In the records below, find the line containing "We've used 1%" and transcribe it and every line after it exactly; leave the pictures out.
── Supplied data ──
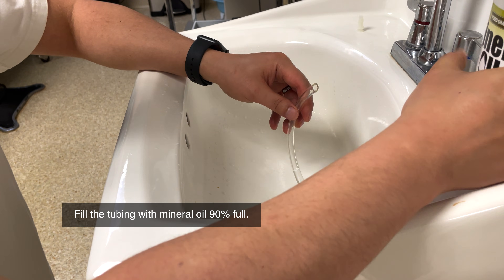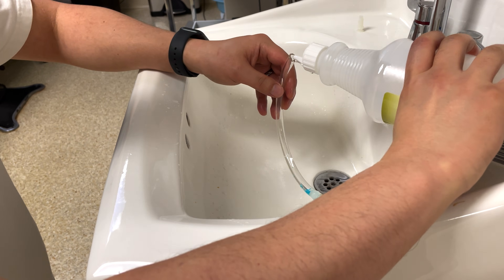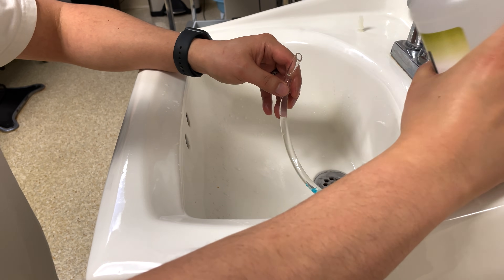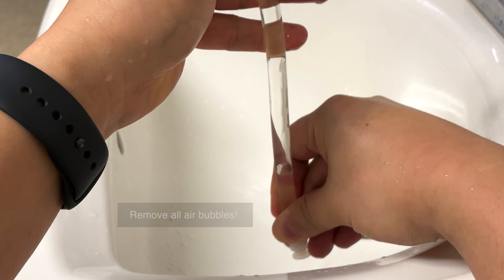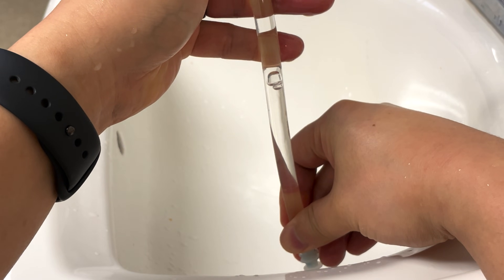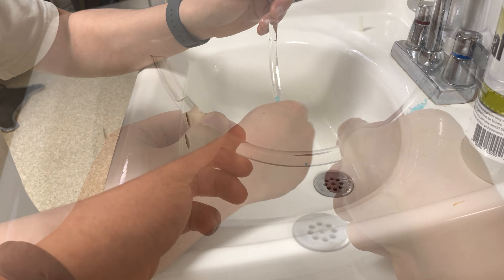Over a sink, fill the tube with mineral oil about 90% full. You will notice there are small air bubbles trapped under the stones and on the walls. Gently tap the tube to help the air bubbles rise to the top. You may have to do this several times before they all float to the top. Stand the tube upright to help move the process along.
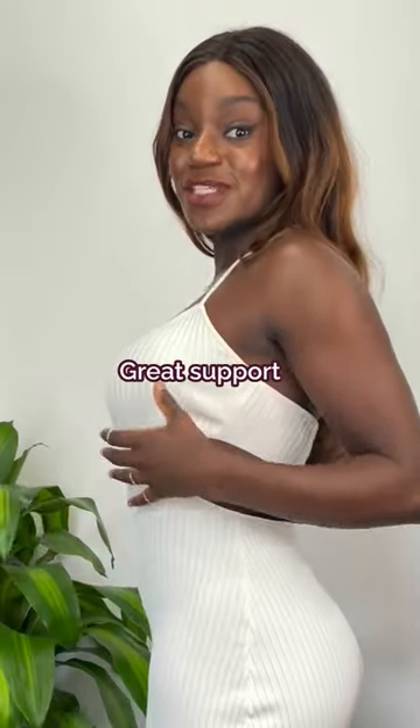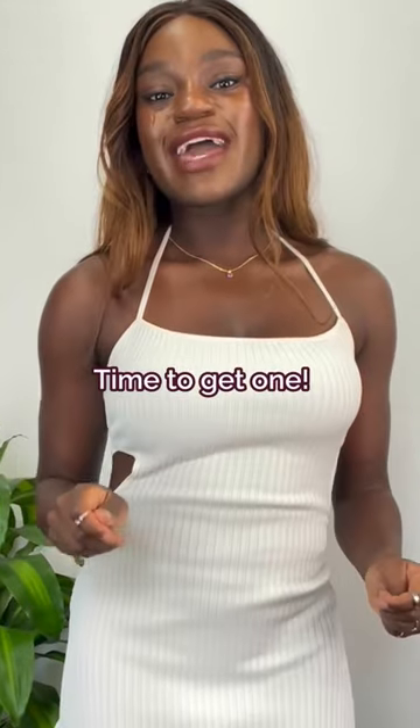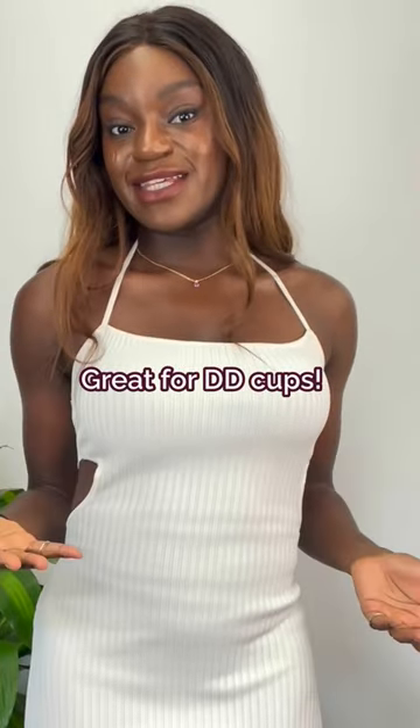In the back it supports me and fits so well. If you don't have a stick-on bra yet, definitely get one. I never thought my double D busts would actually fit a stick-on bra, but this proved me wrong.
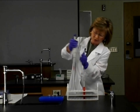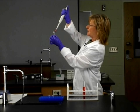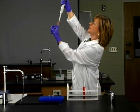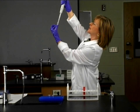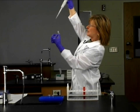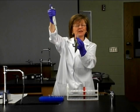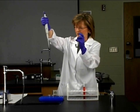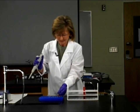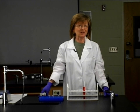Then we're going to pick up our one-and-a-half mil tube and at eye level, we're going to slowly expel to the first stop and then to the second stop. Then we release the barrel after we've taken the micropipet tip out of the solution. So that's basically how you perform micropipetting. It's not difficult, but it does require technique, and it does take practice.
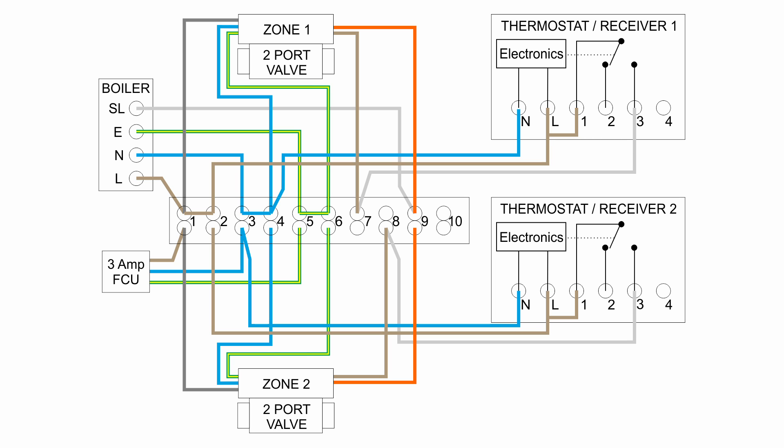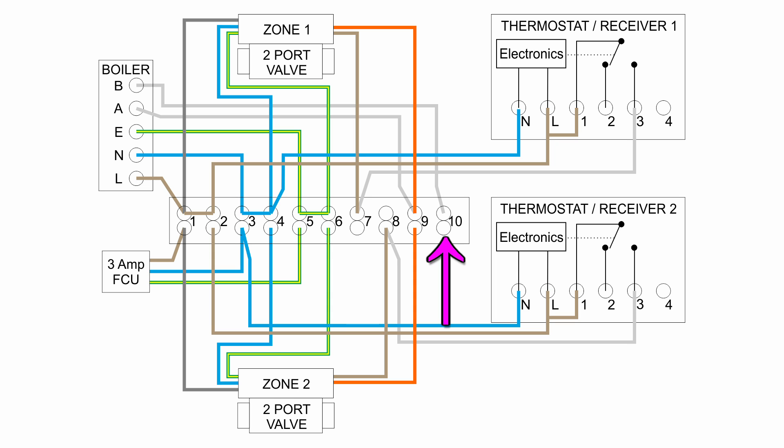In order to change this to a system which does not send 230V into the boiler switched input, we need to make a couple of changes. First of all we need to change the boiler over on the left side there, because it doesn't have an SL or switched line input. We'll change it to a boiler with two terminals on the input — we've labelled those A and B here, but different boilers have different names for them. The important thing is that when they're connected together the boiler will operate, and when they're not connected it will not. The wire we used to have going to SL is still going to connect to the boiler — that goes to A. We also need to add another wire from terminal B, and we'll take that to terminal number 10 in the wiring centre, which is currently a spare terminal. Those two wires are highlighted in red — those are the two we'd basically need to join together to activate the boiler.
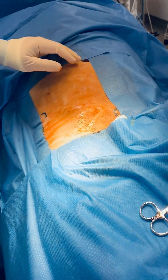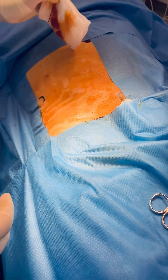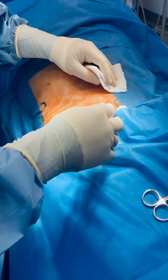We've used 1% xylocaine with adrenaline and 0.5% Marcaine — 20ml of each.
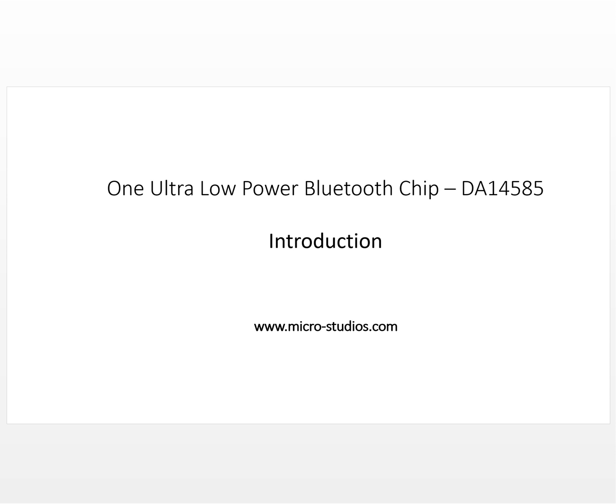Hello everybody, this is Michael. In this video we will be talking about one ultra low power Bluetooth chip. We have a project about Bluetooth and we need the lowest power one, so we did lots of research and decided to use this chip for our project.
───
• Problem solution:
We've used 1% xylocaine with adrenaline and 0.5% Marcaine — 20ml of each.
Hello everybody, this is Michael. In this video we will be talking about one ultra low power Bluetooth chip. We have a project about Bluetooth and we need the lowest power one, so we did lots of research and decided to use this chip for our project.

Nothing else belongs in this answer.